8.19.2013

A YEAR ON MY OWN, OR THE POST IN WHICH CAMRYN ATTEMPTS TO OFFER ADVICE

A year ago today, I turned eighteen years old. Crazy, right?

I also happened to be sardined into an SUV packed to the brim with all of my belongings as I ventured into, and I quote, "the rest of my life." That was a strange trip. My brothers and I were squished closer together than any of us deemed necessary, I had a bag-full of fast food instead of birthday cake, and for once...for once I wasn't going to be coming back. This was a one way trip for me.

Whenever big things akin to this occur in my life, I'm usually pretty numb to them, which is weird considering how I normally stress out about...pretty much everything else. On the morning of one of my last days in high school, I was talking with my favorite teacher and he asked me if it had hit me yet that I was graduating. I told him that it hadn't in the slightest, and he just smiled and said that it wouldn't become real until I was in college.

Well...yeah. That is pretty much what happened.

But on that car ride down to Utah, it still wasn't real. We pulled into the hotel that night and I lay in bed thinking about what was about to happen. And still...nothing. No emotions. Maybe a little bit of excitement, maybe a little bit of sadness about saying goodbye to my family...but honestly? Not much else. Until the next night.

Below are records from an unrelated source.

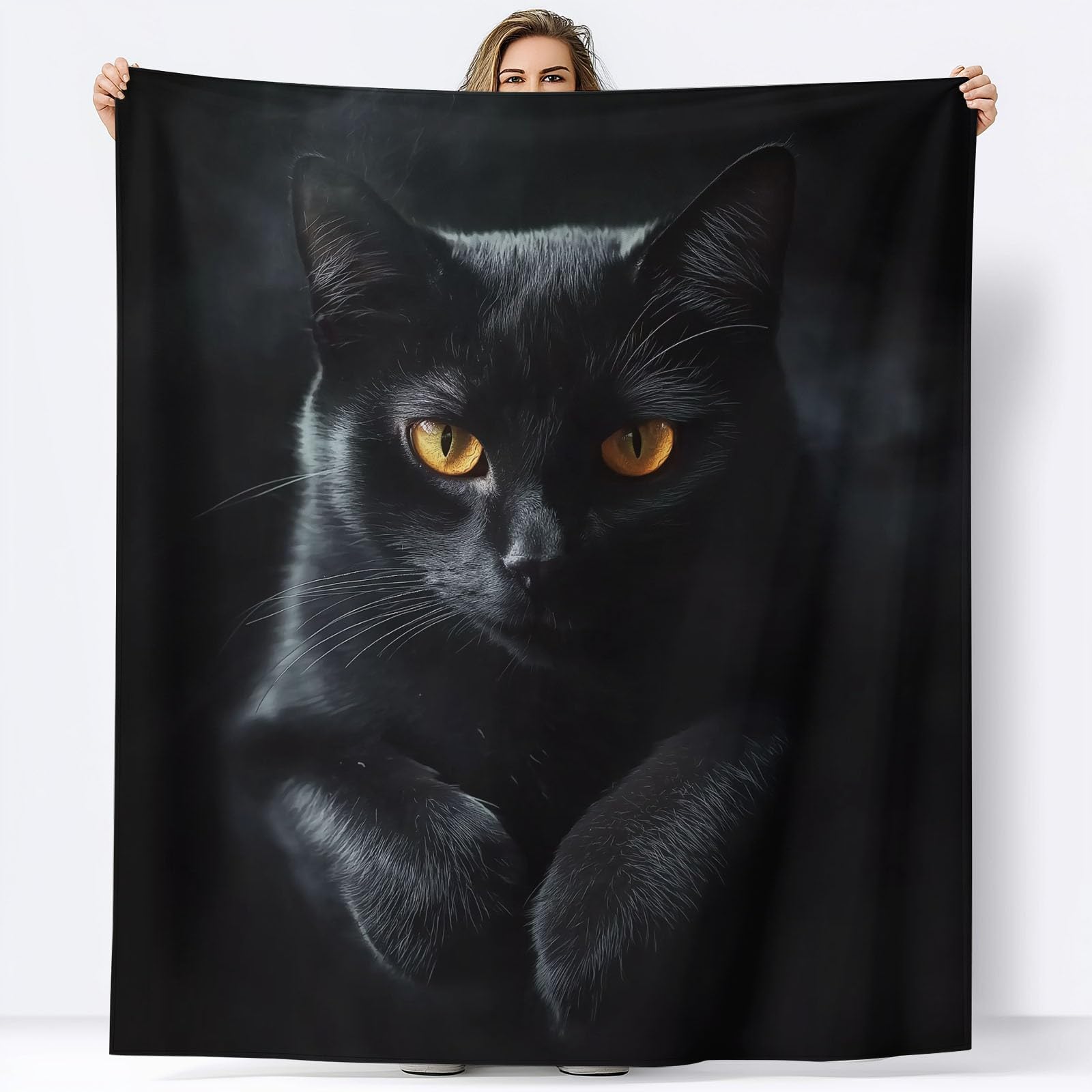 wohndecke Tier Schwarze Katze, Super Weiche Gemütliche Warme Flanell-Wurfdecke, leichte dekorative Klimaanlagen-Decke, Sofa Couch Wohnzimmerdekoration für Erwachsene Kinder Büro 150 x 200 cm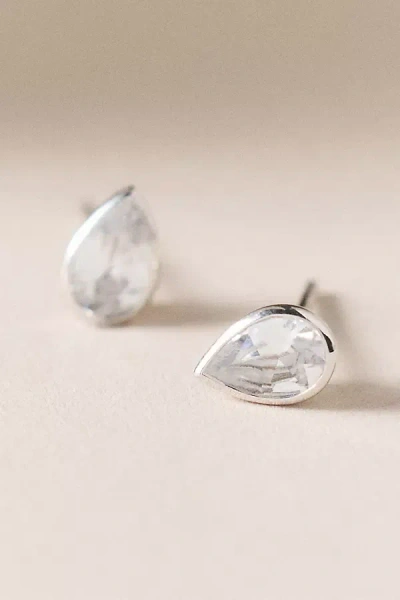 Fine Diamonds By Anthropologie Bezel Pear-cut Diamond Stud Earrings In Silver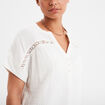 Blouse manches courtes gaze de coton blanc femme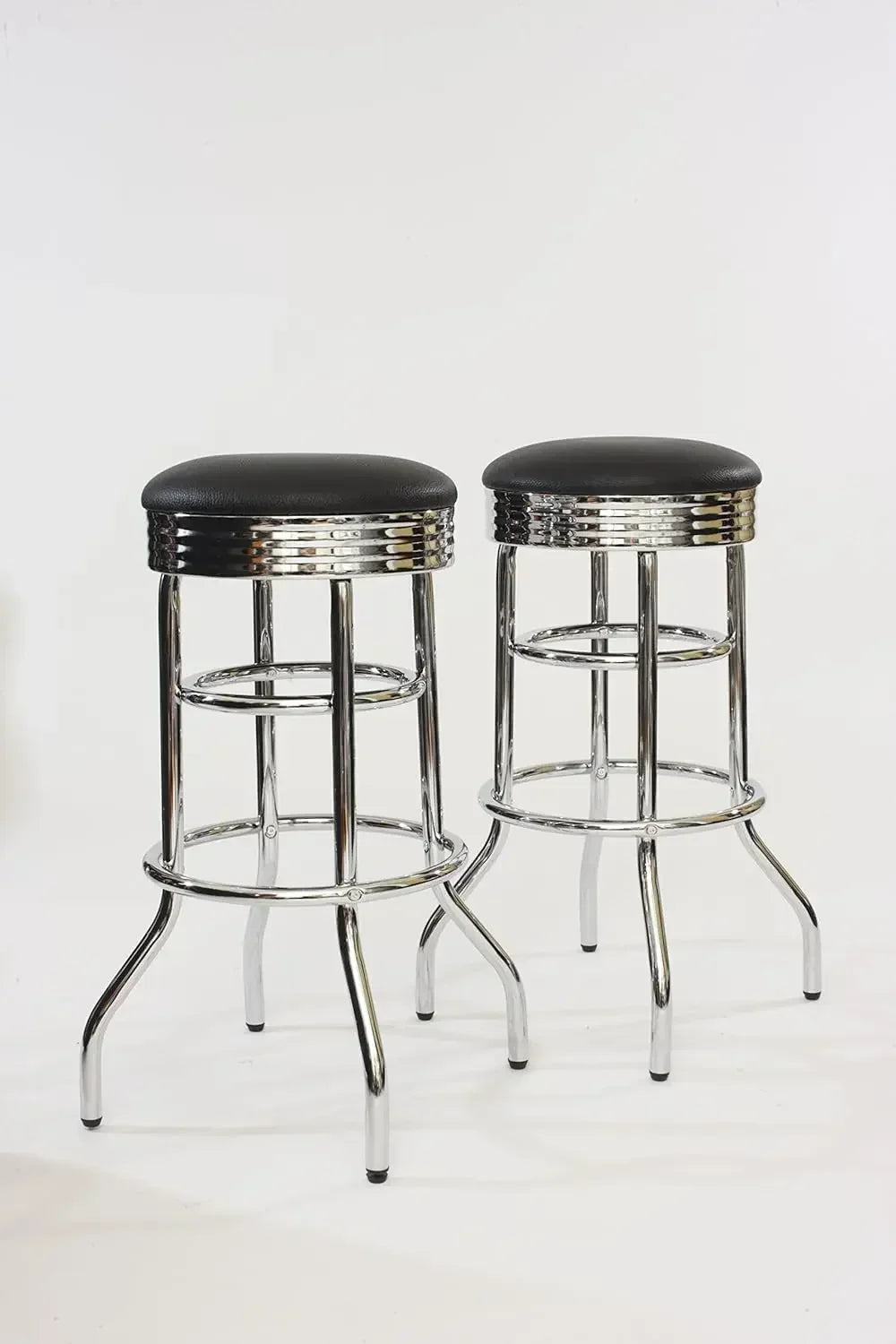 XMSJ Heavy Duty Swivel Bar Stool Leather Seat 2 Pack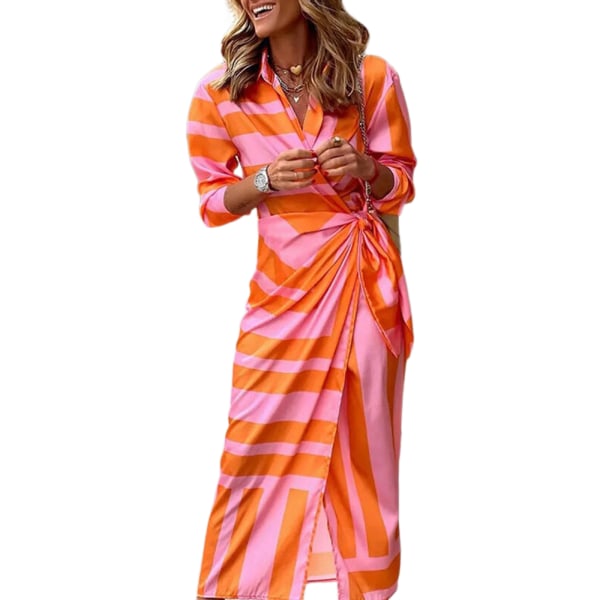ted Lapel Tie Shirt Wrap Dress Midi Dress (Orange og Pink S)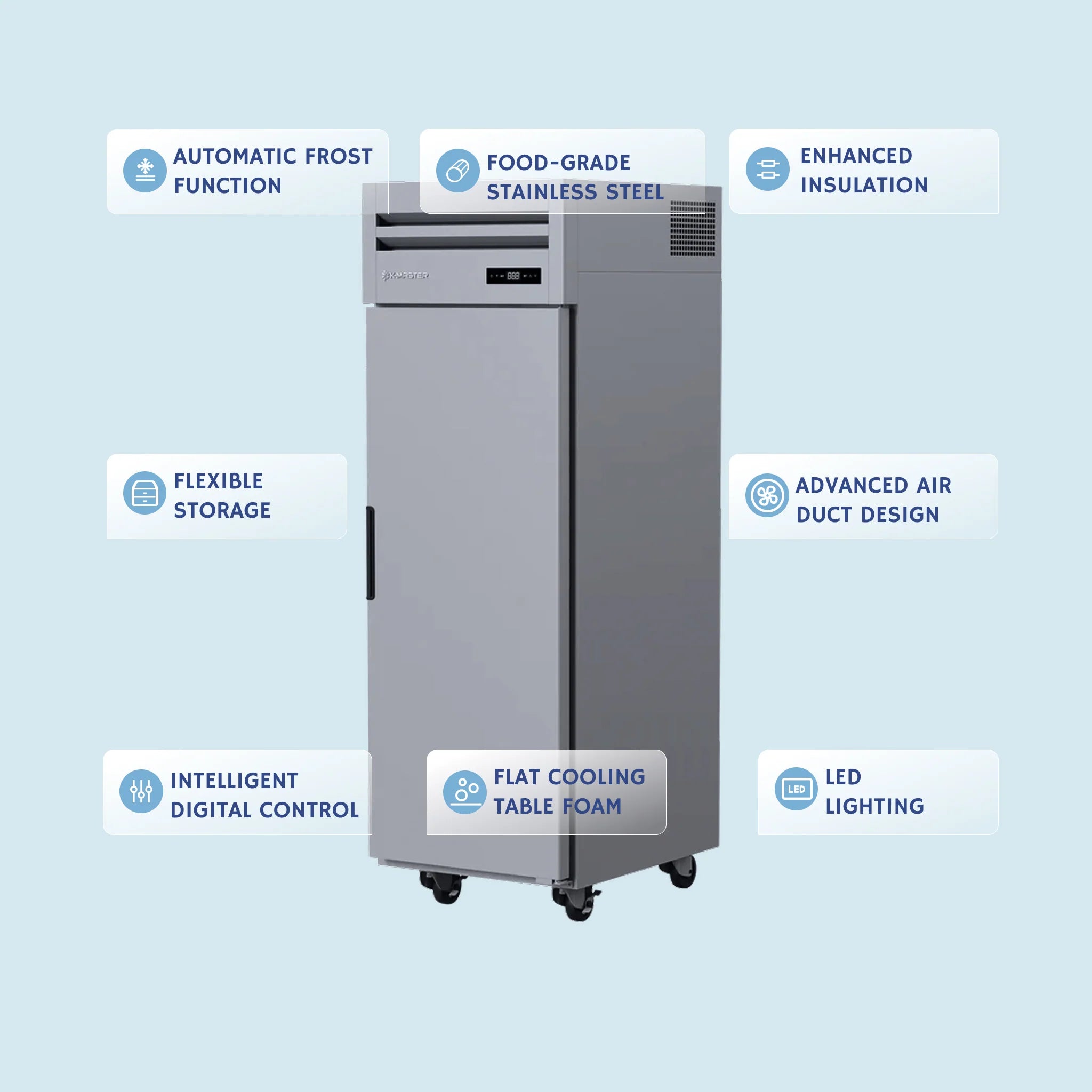 Upright Two Half Doors Refrigerator - HT25-2R-N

I was all settled into my dorm room, I was all alone, my parents were leaving in a couple days, and beyond my brother......I didn't know ANYONE yet. And I had all these textbooks sitting on the end of my bed. And, like, responsibility. And an irrational fear that while I was showering that night I would be attacked, Psycho-style. It was weird, it was liberating, and I didn't quite know how to process it. So I locked all of the doors. And I turned up really horrible 90's music so that I wouldn't go look out of the peephole every time I heard a noise outside. Eventually I fell asleep, but the next night was the same, and after saying goodbye to my family I went back into the unfamiliar place I was now supposed to call "home" and I cried...and then I got mad at myself for crying and I stopped. 

The amount of self control I possess is almost uncanny. Anyways.

The next few days were spent wandering around campus and meeting my roommates, attending really horrible orientation activities, and psyching myself up for school. And once again I was fine. I never got homesick. I loved my classes. I made friends-- I was on my own and loving it. So when looking back to those two days a year ago where I was seriously wondering WHY THE HECK I was here...I laugh. Because my life here has been so amazing, and sometimes it really feels like the first eighteen years of my life never happened. It's like one of those confusing dreams where you wake up and three days later you still aren't sure if it was real or not. 

But then you look back at embarrassing pictures of yourself from your freshman year of high school and you're like, "Yeah...that happened."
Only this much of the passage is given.